Mr. Speaker, I am heartened that somebody who previously served as the government whip is able to distance himself from the Liberal government across the way. I will continue to talk about what the Liberal government has done previously and continues to do.
The Liberal government is hoarding $35 billion in the EI fund. It is unconscionable when not nearly that amount of money is necessary.
I would like to tell the people of Alberta, who I know will undergo a provincial election very soon, exactly what is happening in terms of the EI fund. I also tell all pages in the House of Commons to pay attention because these numbers hold true for province of Ontario. The numbers hold true for those working in Ontario as well as those in Alberta.
Alberta pays $1.8 billion into the EI fund. Alberta takes out $500 million. That leaves in the fund a net $1.3 billion overpayment every year. There are 1.6 million working Albertans. If one does the math it works out to roughly $800 per person. Those numbers carry forward for House of Commons pages as well. They do not earn as much as the average worker because they are part time. If, however, they earned an average wage in the low thirty thousands per year, they would be overpaying to the tune of $800 per year in employment insurance, in terms of what they put in and what they take out in aggregate collectively.
That is inherently unfair when the government is taxing nearly $1,000. Canadians are overpaying in terms of the Canada pension plan. The young people around this room know. I know and the government knows. You know, Mr. Speaker, that in 2017 the Canada pension plan will go bust when the actuarial demographic weight cracks down on it. Yet they are overpaying into the plan.
They and others like them are overpaying into both of these plans, EI and CPP, to the tune of $1,000 or better per year, money they could have in their wallet and spend to their own discretion rather than give to the government. It is wrong.
What I would propose is somewhat controversial so I hope members across the way will listen. Five per cent of someone's wage, whether a janitor or the president of a given corporation or public entity, could be taken and put into a mandatory retirement savings plan, a super RRSP. In that way it would not be collectively wasted. It is not a Ponzi scheme. It is not a pyramid scheme. It is not something that goes into general revenue where people wonder if it will ever come out again.
It would go into individuals' accounts. They would know how much money they put in per year. They would know the rate of return on their investment. They could put it into GICs. They could put it into treasury bills. They could put it into bonds or into any number of instruments. They would know how much they had in aggregate.

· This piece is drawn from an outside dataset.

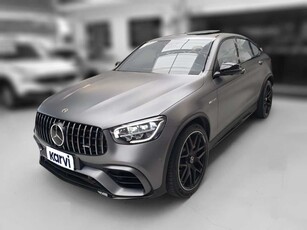 Mercedes-benz GLC 63 AMG 4.0 V8 TURBO GASOLINA 4MATIC+ SPEEDSHIFT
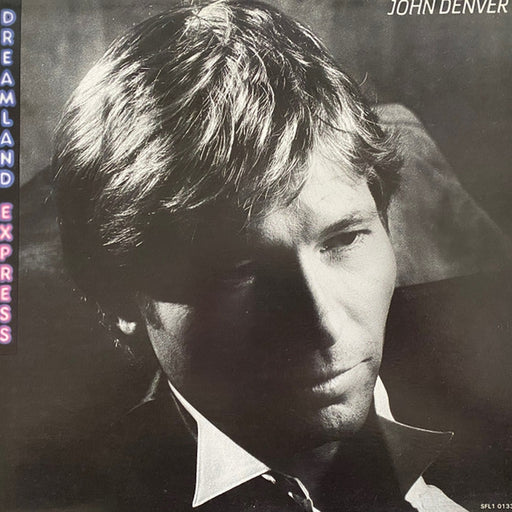 John Denver – Dreamland Express (LP, Vinyl Record Album)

If I asked any one of the bright people in the Chamber today, and they should be fairly bright people because they are supposed to be running the country, how much they had contributed over their lifetimes into the Canada pension plan, I bet not a single one of them, not even yourself, Mr. Speaker, would know even to the nearest hundred or the nearest thousand dollars exactly how much they had put into the CPP.
The reason they do not know and you do not know, Mr. Speaker, even though they are supposed to govern this land, is that EI is a collectively held fund. Because they do not have individual accounts they do not know. It is the tragedy of the Commons. Ironic is that statement, tragedy of the Commons.
Another 5% would go to employment insurance. My father has recently retired. I hope he is having a good time and enjoying his retirement years. Maybe he is out doing something a little more enjoyable than watching me on TV. I do not know. If somebody like my father who never collected a day of employment insurance in his life could have the 5% he had set aside in EI rolled over to his pension when he turned 65, then 10% of his lifetime earnings would have been saved and invested for when he retired. That would be fair. It would be just. It would make sure that people were not abusing the worst aspects of the employment insurance system and that they would know it was theirs and was there for them.
I see the security guards around here. I remember that last session the government took money out of their pension fund, the public service pension fund. It scooped billions of dollars out of their pensionable earnings. That was wrong. If they were able to put 5% or 10% aside, they would know how much they were putting in and what they were getting as a return on their investment, rather than having the government take it from them. That would be far more just.
I hope we see that someday, rather than the present system that has all sorts of abuses wrapped up in it. People who work as part time students pay into the employment tax but have no ability to collect it. People who are self-employed and run their own businesses are double taxed, once as an employer and once as an employee.
Liberal members across the way laugh. They are making fun of the students in this room. They are making fun of the security guards who work above them. They are making fun of the people who are self-employed and double pay this tax. They laugh despite the fact that they have $20 billion sitting in their chest that they should not have. It is owed to Canadian taxpayers, not to the Liberals who laugh across the way.